Featured Stories

Saving for retirement? Better get a move on


Reduced workplace pensions put pressure on workers to find other ways to save

AARP has always promoted financial security for seniors. But a recent AARP-sponsored workshop hammered in the message that Oregonians who don’t save for retirement may be forced to work when they’re elderly.

Currently, 10 percent of Americans age 75 and older still work, and most of them work to make ends meet, said Matt Swanson, political organizer and member of Service Employees International Union Oregon State Council.

At the well-attended event in Southeast Portland at SEIU headquarters, Swanson directed many of his comments to those younger members of the audience, warning them that if they didn’t start planning for retirement, they likely will be unable to pay their monthly expenses when they reach their senior years.

But considering the demise of pensions and living-wage jobs and the problem of student debt, younger workers are facing difficult choices.

by: FILE PHOTO - Margaret Doherty, workshop speaker.

“The people who are not saving right now are part-time and low-income workers and young people,” Swanson said.

It’s hard to save when someone is employed in a low-wage job, as Swanson demonstrated by an exercise in make-believe with audience volunteers, each of whom was given employment, such as a nurse or a housekeeper, and a set amount of play money to cover monthly housing, food, transportation and other necessities. At the end of the exercise, the ones representing workers making $50,000 or less ended up with little or no extra money for saving.

“One of the top five issues facing Oregonians is saving for retirement,” said State Rep. Margaret Doherty (D-Tigard), who participated in the event’s panel discussion.
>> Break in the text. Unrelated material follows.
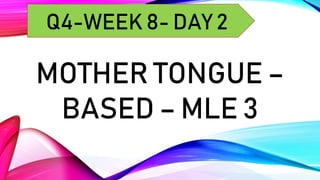 MOTHER TONGUE –
BASED – MLE 3
Q4-WEEK 8- DAY 2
A former school teacher, Doherty said personal finance used to be taught in the public schools, a class that she recommended be revived.
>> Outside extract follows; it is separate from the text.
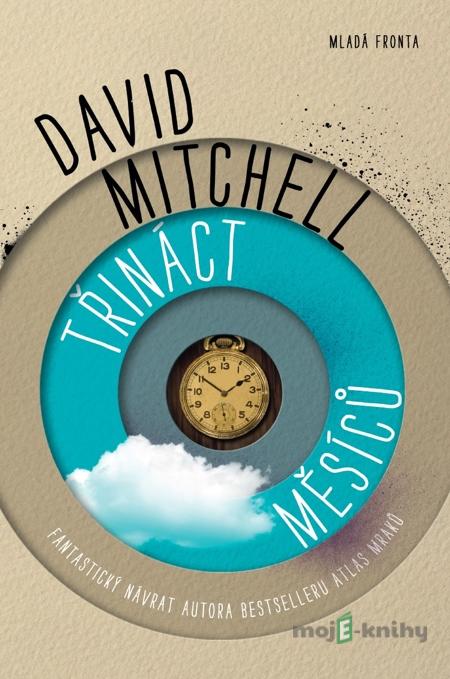 Třináct měsíců - David Mitchell Třináct měsíců - David Mitchell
Doherty supported legislation creating a task force to look into a state-administered retirement savings plan, similar to Oregon’s existing college savings plan. “With this legislation, financial institutions were not real happy with us because they thought we were taking money away from them,” Doherty recalled. “But I said to them, ‘Are you going to help people save $30 a month?’”

Of course, Social Security benefits alleviate much of retirees’ financial stress — but not all. And, for 25 percent of the nation’s seniors, Social Security currently represents 90 percent or more of their income, according to panel member Bonnie Yates, a licensed CPA and AARP Oregon volunteer.

While a show of hands in the audience to Yates’ question “How many believe that Social Security will be there for you when you retire?” showed several doubters, Yates assured them that Social Security likely will survive, though it might change somewhat.

“Social Security is not in such horrible shape that it’s going bankrupt tomorrow,” Yates said.

But by the time younger workers retire, their official retirement age to receive full Social Security benefits might be nudged up to 68, or even to age 70, Yates said.

So, relying exclusively on Social Security for retirement income is not a viable option, said panel member John Alexander, a financial adviser with MEMBERS Financial Services.

“You can not live just on Social Security anymore,” Alexander said. “I have a number of clients who tried it.”

So what’s the savings solution for younger workers? If your employer offers a 401(k), put in at least what your company will match. Track expenses and budget. And whenever possible, put the brakes on spending, pinch those pennies and sock that money away, the panel members advised.